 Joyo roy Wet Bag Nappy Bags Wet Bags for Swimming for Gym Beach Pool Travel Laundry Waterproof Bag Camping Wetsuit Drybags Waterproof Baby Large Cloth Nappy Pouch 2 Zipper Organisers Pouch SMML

============

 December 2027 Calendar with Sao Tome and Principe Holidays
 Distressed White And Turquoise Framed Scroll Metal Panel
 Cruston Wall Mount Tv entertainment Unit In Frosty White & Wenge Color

============

> **What you are asked to do**
Find the lines above that hold "White", then copy each of them.

> **Solved exercise**
 Distressed White And Turquoise Framed Scroll Metal Panel
 Cruston Wall Mount Tv entertainment Unit In Frosty White & Wenge Color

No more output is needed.